Figure 5 Figure 5. After cutting, the slab travels into the slab equalizing furnace in the model.

The animation came next. In order to create a working mill, O'Connor calculated a path of activity that was then converted into an animated model by the 3-D Studio application. It takes approximately ten minutes for the computer to create a single frame; when completed, the video shows 30 frames per second.

The virtual reality display was made from the 3-D video. Unlike the video, pictures in virtual reality are created in real time as the viewer interacts with the application. In order to make the display work effectively, O'Connor simplified the model so that the display shows ten pictures every second. Work began in June, and the display was completed in August; final revisions and details were added in September just before the display's introduction at the convention. The total cost of the interactive display was approximately $25,000.

Figure 6 Figure 6. A 3-D image of a reversing rolling mill.

"We've had a tremendous response," said Cessar. "People are amused by it. It makes a little bit of excitement for the technology." In fact, the display was so popular that Tom Murphy, the mayor of Pittsburgh and the son of a steelworker, visited the booth.

Although virtual reality displays are frequently seen at computer trade shows, Tippins is the first to incorporate it into the steel manufacturing industry, said Cessar. The virtual reality display was done specifically for the convention, and its performance will be reviewed to determine if the display is used for future sales presentations.

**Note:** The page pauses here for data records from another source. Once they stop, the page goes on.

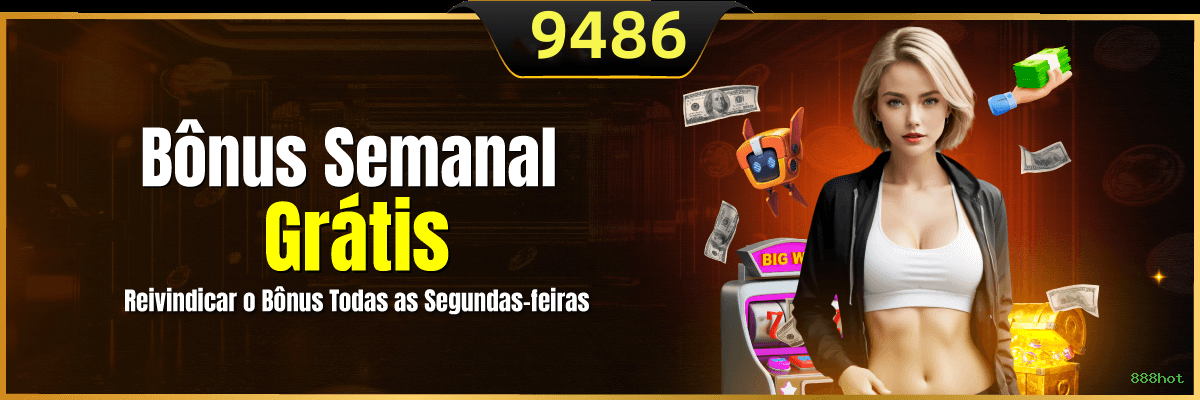 Slots no app 888hot mobile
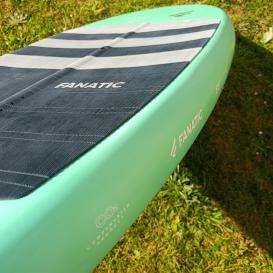 FANATIC  SKY WING 5.6 CARBONE LTD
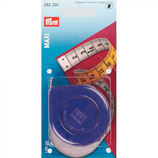 Prym Rollmaßband Maxi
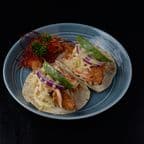 Best Fish Taco in West Hills, CA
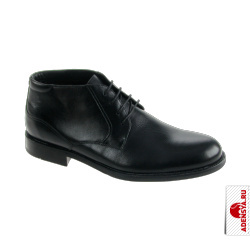 Фото №4: ralf ringer купить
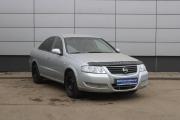 Nissan Almera Classic I Ярославль  - изображение 17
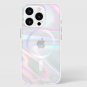 Soap Bubble MagSafe iPhone 16 Pro case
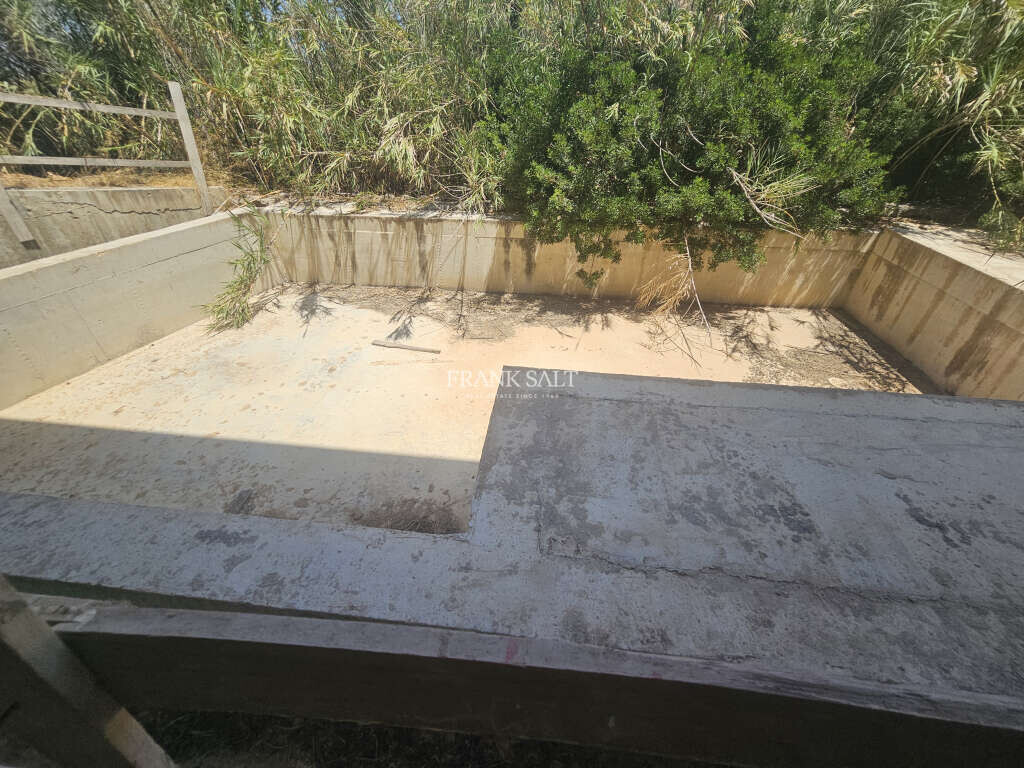 Mellieha, 3 Bedrooms Bedrooms, ,3 BathroomsBathrooms,For Sale,FRSA-920885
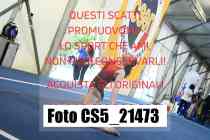 CS5_21473-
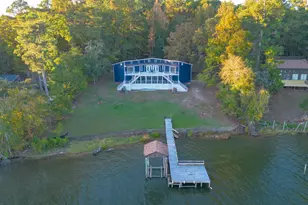 2543 Harbor View Rd, Camden, SC 29020 - Photo 61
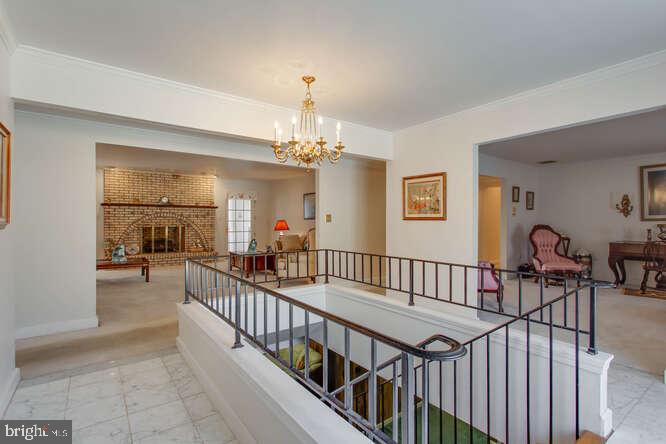 INDEPENDENCY - Residential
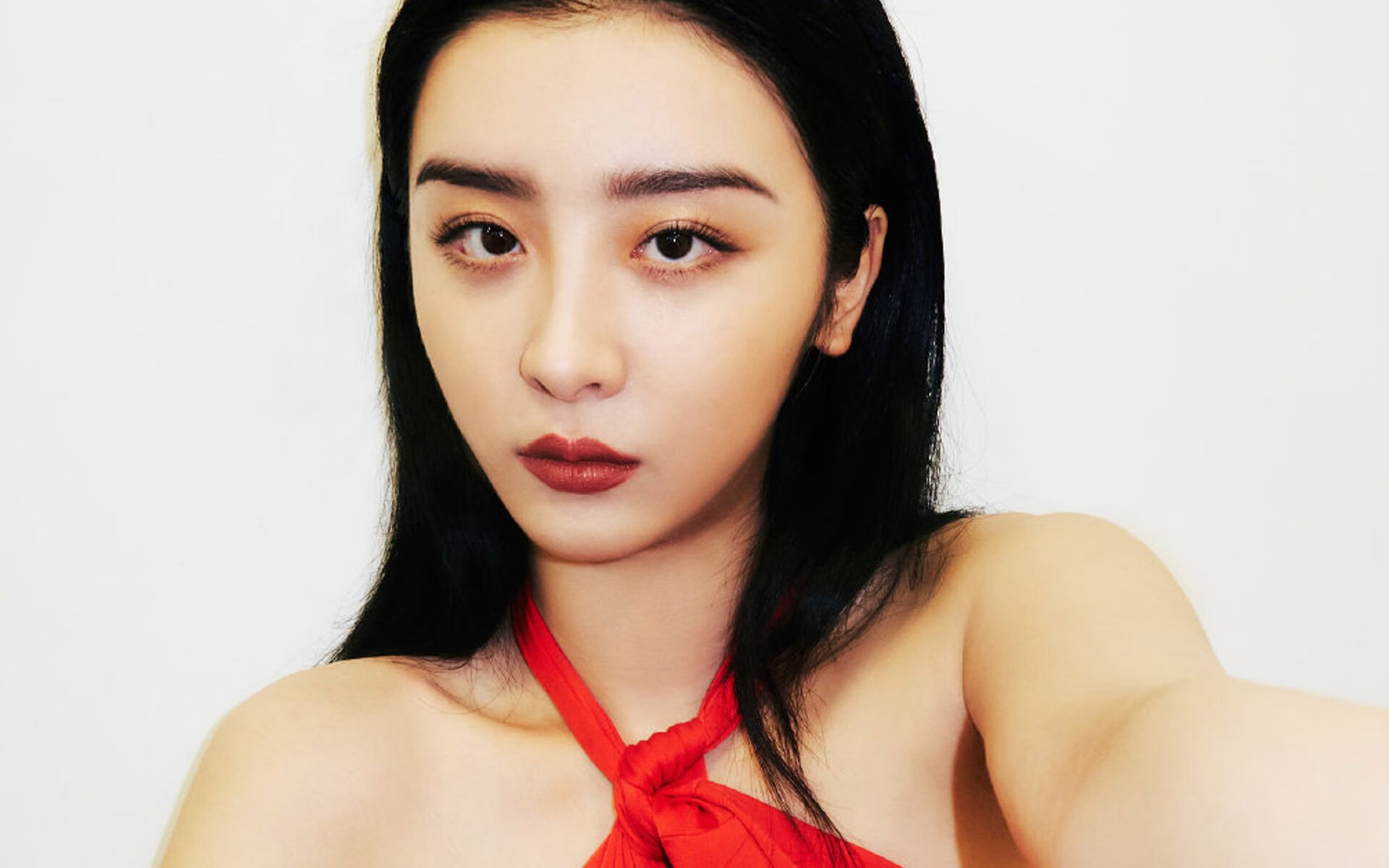 篮球双雄记,约基奇打出生涯之夜,快船关键战突围开拓者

Because the display requires so much equipment to operate it, Tippins may use it only for trade shows such as the Iron and Steel Exposition; however, the 3-D video is still used in sales presentations.

Figure 7 Figure 7. The coiler is the final step in the virtual reality display.

As the role of computers in the production of steel expands, it seems only fitting that computers assist in the commercial aspects as well. The popularity of this display, evidenced by the fact that the headset was hardly ever idle at the show, is a good indicator of the industry's willingness to accept this new marketing tool. More opportunities will arise to display processes and technological products via virtual reality—the next best thing to being there.

Tammy M. Beazley is a staff writer for JOM.